• What the task asks: Omit all pictures, and print word for word only the lines from the one containing "this 447×325 image." through the end of the data.

· · · · · · ·

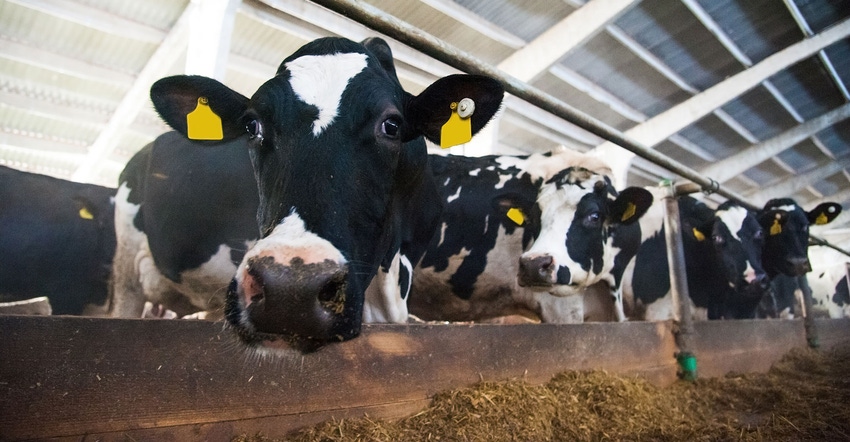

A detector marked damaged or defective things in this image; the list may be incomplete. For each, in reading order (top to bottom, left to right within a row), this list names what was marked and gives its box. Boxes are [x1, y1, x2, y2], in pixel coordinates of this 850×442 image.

rusty metal post [660, 180, 692, 380]
rusty metal post [796, 276, 816, 348]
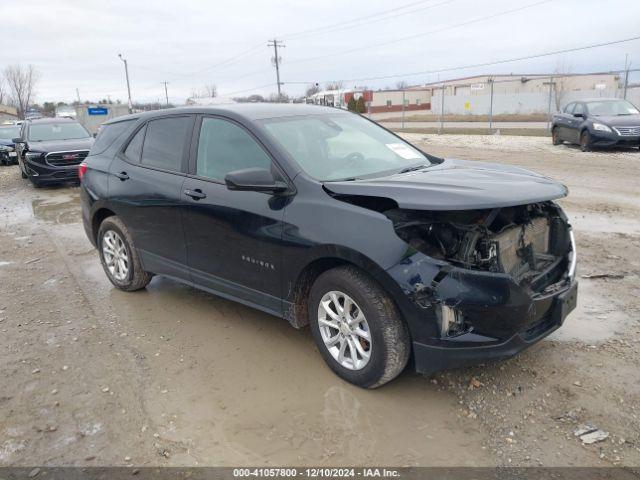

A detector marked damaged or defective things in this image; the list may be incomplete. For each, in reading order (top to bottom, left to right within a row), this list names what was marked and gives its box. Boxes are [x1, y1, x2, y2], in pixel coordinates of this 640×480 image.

crushed hood [322, 159, 568, 210]
front-end collision damage [382, 201, 576, 344]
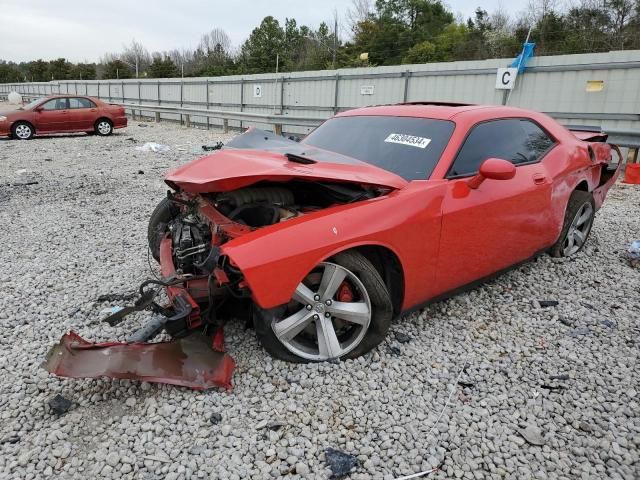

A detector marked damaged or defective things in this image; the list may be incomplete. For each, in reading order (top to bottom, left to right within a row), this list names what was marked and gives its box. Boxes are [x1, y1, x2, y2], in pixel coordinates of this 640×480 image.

crumpled hood [164, 131, 404, 193]
wrecked red car [43, 103, 620, 388]
broken plastic part [43, 332, 236, 392]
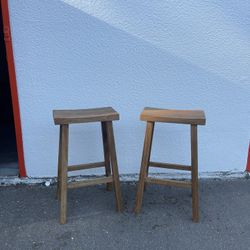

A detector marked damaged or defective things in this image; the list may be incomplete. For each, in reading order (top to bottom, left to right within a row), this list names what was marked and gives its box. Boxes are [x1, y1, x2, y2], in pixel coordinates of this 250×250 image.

grey asphalt patch [0, 180, 249, 250]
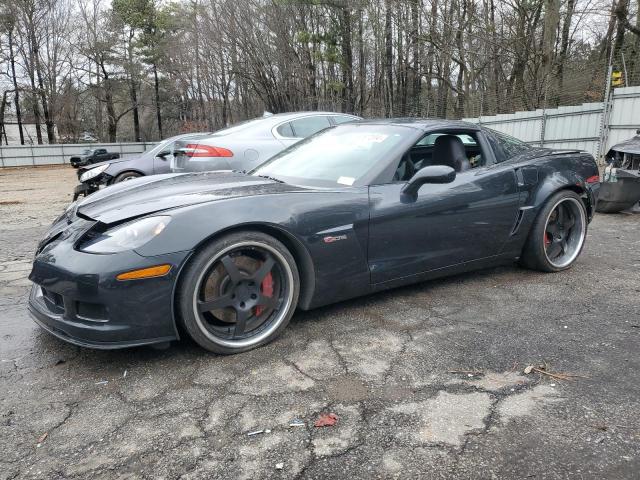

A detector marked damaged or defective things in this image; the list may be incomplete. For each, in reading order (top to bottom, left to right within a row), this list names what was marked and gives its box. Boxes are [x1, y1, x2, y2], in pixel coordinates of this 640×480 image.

cracked pavement [0, 166, 636, 480]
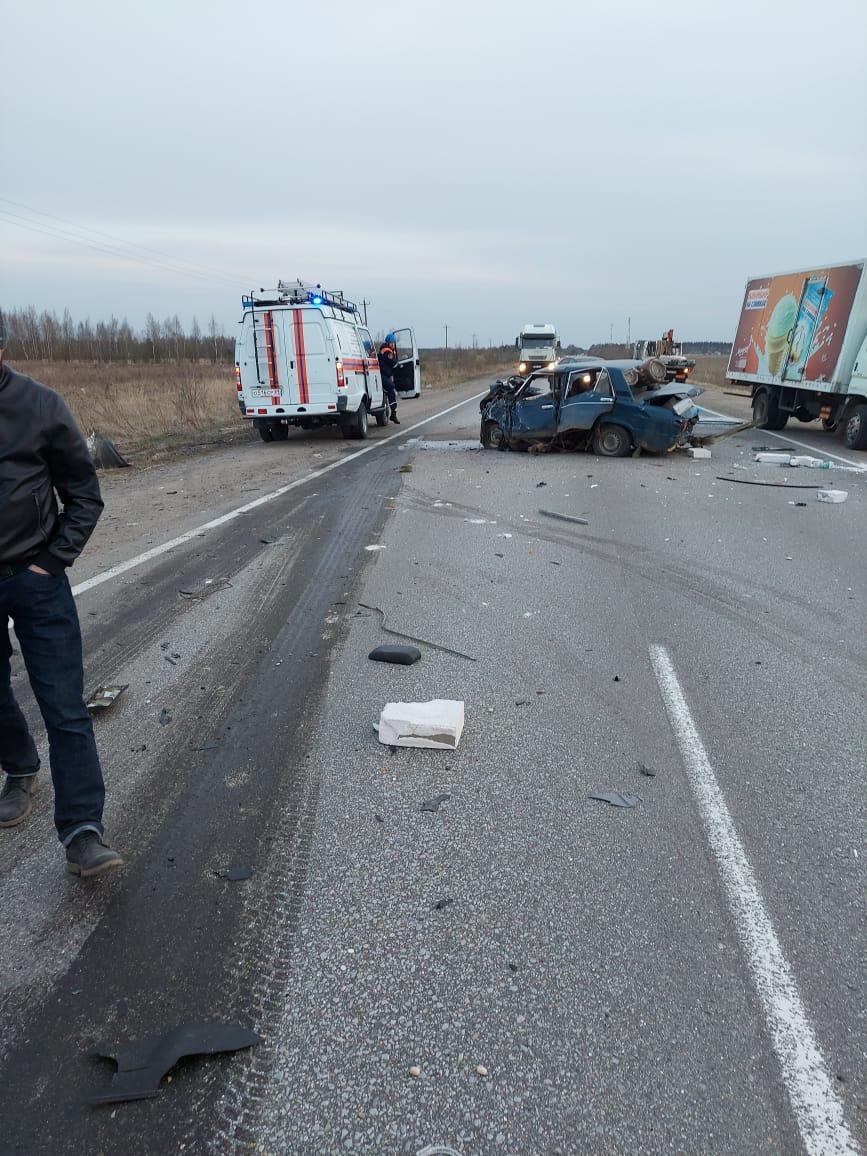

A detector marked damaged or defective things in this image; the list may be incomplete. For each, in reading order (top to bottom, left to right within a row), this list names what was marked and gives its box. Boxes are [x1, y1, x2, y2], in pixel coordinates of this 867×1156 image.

wrecked blue car [478, 356, 702, 455]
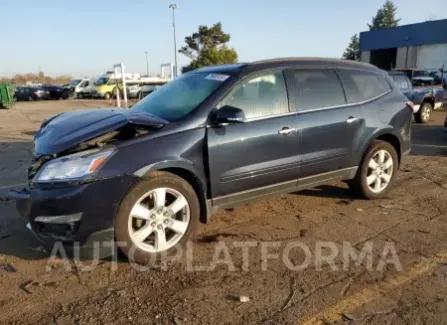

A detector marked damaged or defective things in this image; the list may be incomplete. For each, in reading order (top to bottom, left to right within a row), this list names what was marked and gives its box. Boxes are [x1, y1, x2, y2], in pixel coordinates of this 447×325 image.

crumpled front hood [34, 108, 169, 155]
damaged chevrolet traverse [8, 58, 412, 264]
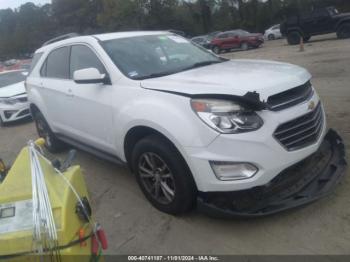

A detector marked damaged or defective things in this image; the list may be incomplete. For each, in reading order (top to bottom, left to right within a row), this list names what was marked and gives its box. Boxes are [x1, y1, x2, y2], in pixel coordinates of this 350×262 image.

cracked headlight [191, 99, 262, 134]
damaged front bumper [197, 129, 348, 217]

· · · · · · ·

• Solution to the problem:
A detector marked damaged or defective things in this image; the list may be incomplete. For each, in reading order (top to bottom, left to right within a row), this list names what was marked and gives its box. Boxes are [x1, y1, x2, y2], in pixel coordinates of this 447×325 image.

crumpled front hood [34, 108, 169, 155]
damaged chevrolet traverse [8, 58, 412, 264]

A detector marked damaged or defective things in this image; the list may be incomplete. For each, in reading order (top to bottom, left to right within a row), this list names what was marked and gives its box. Boxes are [x1, y1, x2, y2], in pixel coordinates of this 350×262 image.

cracked headlight [191, 99, 262, 134]
damaged front bumper [197, 129, 348, 217]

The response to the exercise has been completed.